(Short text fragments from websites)

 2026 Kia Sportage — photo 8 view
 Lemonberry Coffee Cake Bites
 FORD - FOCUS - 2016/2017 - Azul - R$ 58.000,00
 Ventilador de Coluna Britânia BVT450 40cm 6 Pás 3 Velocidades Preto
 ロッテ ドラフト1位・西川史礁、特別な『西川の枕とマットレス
--
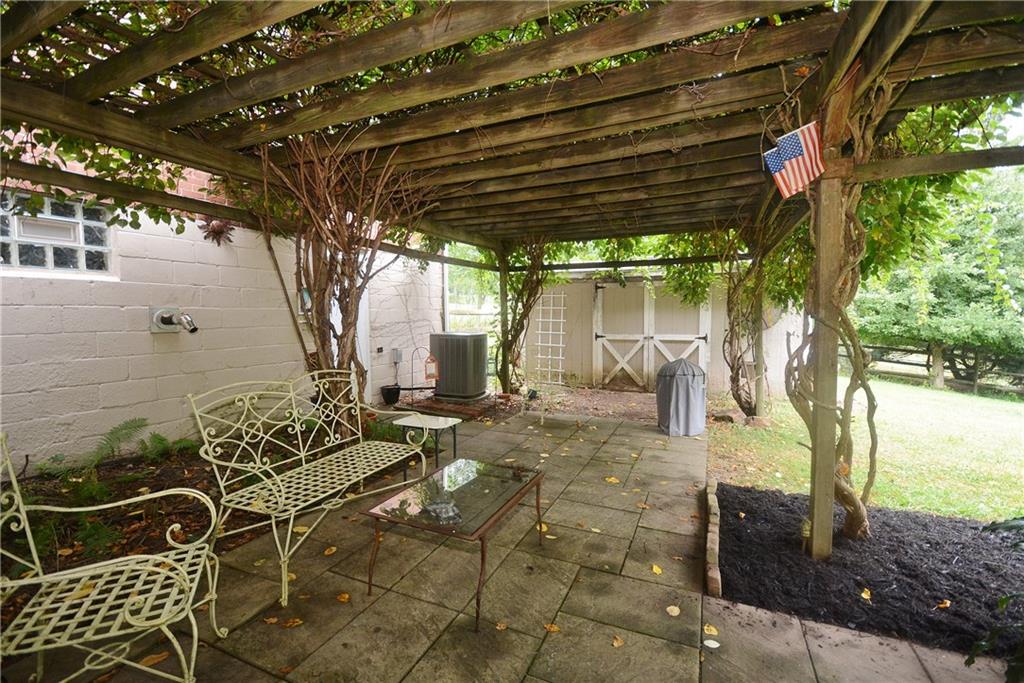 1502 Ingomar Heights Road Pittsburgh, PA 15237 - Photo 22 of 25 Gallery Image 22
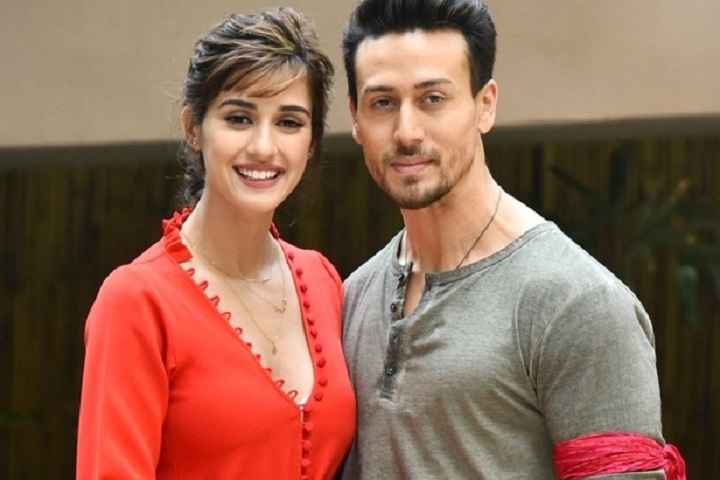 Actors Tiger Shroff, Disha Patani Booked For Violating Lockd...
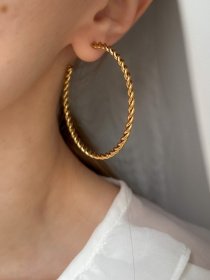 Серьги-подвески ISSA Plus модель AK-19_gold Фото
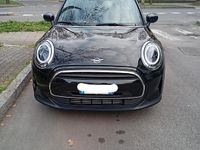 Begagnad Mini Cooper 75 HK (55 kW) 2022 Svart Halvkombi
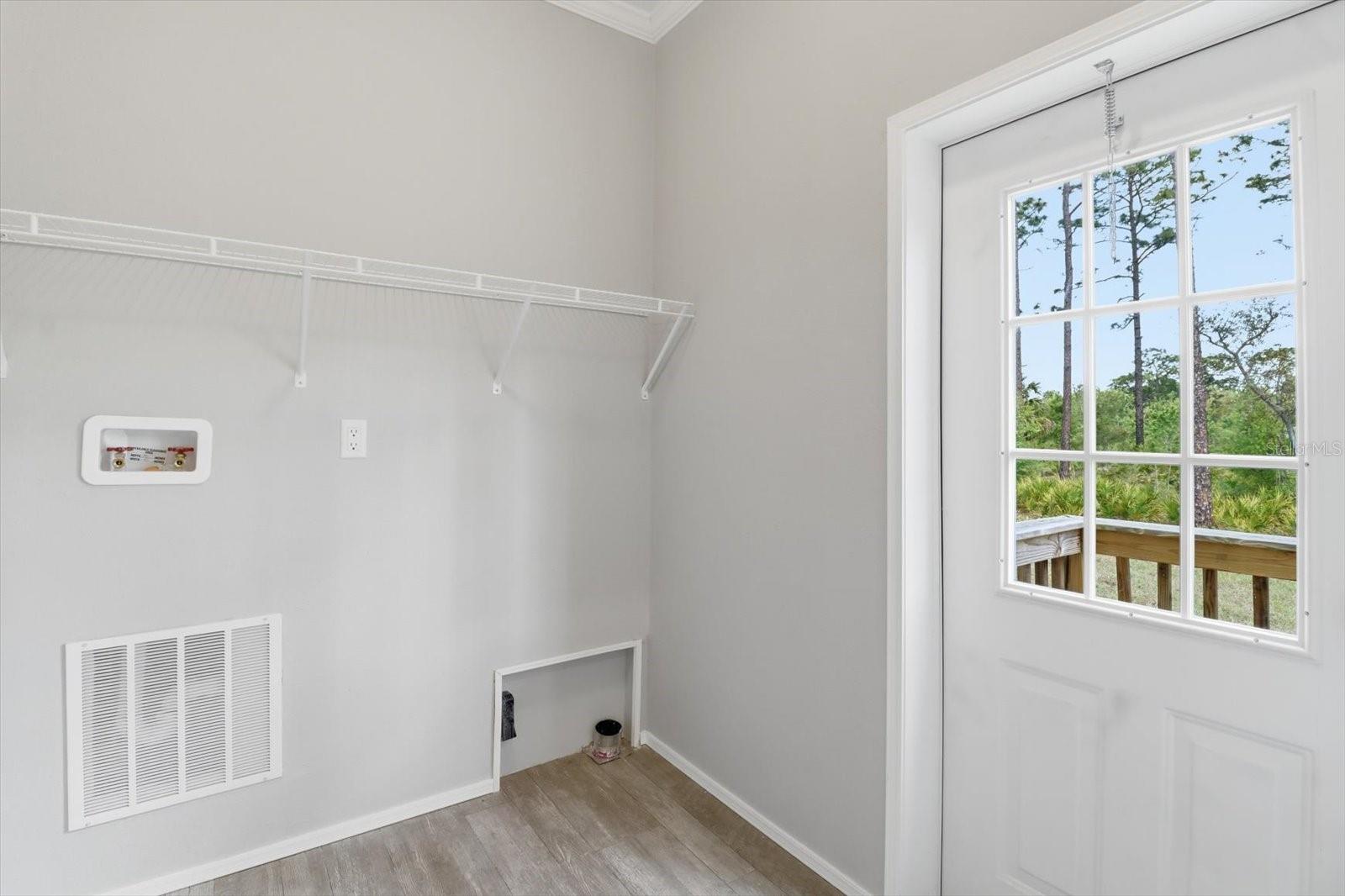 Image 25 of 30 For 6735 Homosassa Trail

### Exercise
Please give again the lines above between the line holding "Ventilador de Coluna" and the line holding "ロッテ ドラフト1位・西川史礁、特別な『西川の枕とマットレス", inclusive, exactly as they are and with nothing added.

### Result of the task
 Ventilador de Coluna Britânia BVT450 40cm 6 Pás 3 Velocidades Preto
 ロッテ ドラフト1位・西川史礁、特別な『西川の枕とマットレス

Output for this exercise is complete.